麵前男人滾燙急促的呼吸近在咫尺,重的像是要直接敲在心臟上。
許淨洲抬起視線。
“我是來跟你道歉的,”麵前人壓抑著某種情緒,“替身那事,跟你想的不太一樣,我跟周鯨確實有過一段,但早就,”
“魏總,”青年溫聲打斷他,“你不用跟我道歉。”
魏準深吸口氣,盯向他。
不知道是不是幾天沒見的緣故,
他好像每次見這個人,都有全新的、不一樣的感覺。這時候的許淨洲看起來沒有鋒芒,對他毫無敵意,溫柔的像是變個人。
還很陌生。
“你不欠我什麼,我也不欠你。本來早就該兩清的事,”青年垂下眼睫,“是我又沒控製住自己,擾了魏總。”
魏準不太能聽懂這話的意思。
“今天青哥跟我說您幫忙的時候,我有點意外,其實這事本來不用您插手,我也不會太在意這些,”許淨洲說:“很感謝,所以,”
黑暗中,兩人呼吸糾纏。
儘管如此親昵隱晦的氣氛,卻仍舊躲不過青年眼底的清醒。
許淨洲望進他眼底,“可以結束了。”
“……”
結束?
“許淨洲,”魏準追究他的視線,逼近,“我去地鐵站等你、開直播會、這麼遠跑到片場找你,”他一字一頓,“可不是為了這句結束。”
“那是什麼,”許淨洲彎起眉眼,“為了讓我肉|償?”
魏準說:“你還是在怪我。”
“沒有啊,如果魏總想讓我肉|償,那就肉|償,”青年眉眼乾淨,笑時眼底清亮透徹的能印出影子,“不過做完以後就真的兩清了啊,”
魏準拉扯他,保持出距離,
麵前人眼底笑意倏然消散,冷得像是凝成冰。
許淨洲嘀咕句什麼,像是在抱怨,從他的桎梏中掙脫出來,拍亮了燈。
太久沒回來,積出許多家務要做,這人就也沒有要繼續理他的意思,從臥房裡抱出幾件衣服,塞進洗衣機裡,又開了一袋全新的洗衣液。

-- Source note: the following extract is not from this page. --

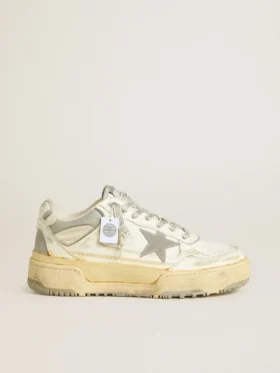 Zapatillas Forty2 para mujer en cuero blanco con cordones con cristales Swarovski y estrella de TPU gris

魏準也在這間隙裡調整好情緒,問:“你要跟我兩清,是因為那個誰嗎?”
正在放水的青年頭也不回,“啊?”
“趙宇峰,”魏準回憶起這兩天發生的事,方才辛苦壓下的情緒隱約又有重新泛起的趨勢,“你是跟他在一起了?”
他這話愣是差點把許淨洲手裡的盆給嚇掉。
許淨洲覺得好笑,“我跟峰哥怎麼又扯到一起了?”
魏準說:“剛才等你的時候閒得無聊,聽說你們劇組有人表白。”
“啊,”許淨洲仔仔細細搓衣服,順口回他:“那是我們劇組一對小情侶,兩人一個管攝像,一個管服裝,日久生情,”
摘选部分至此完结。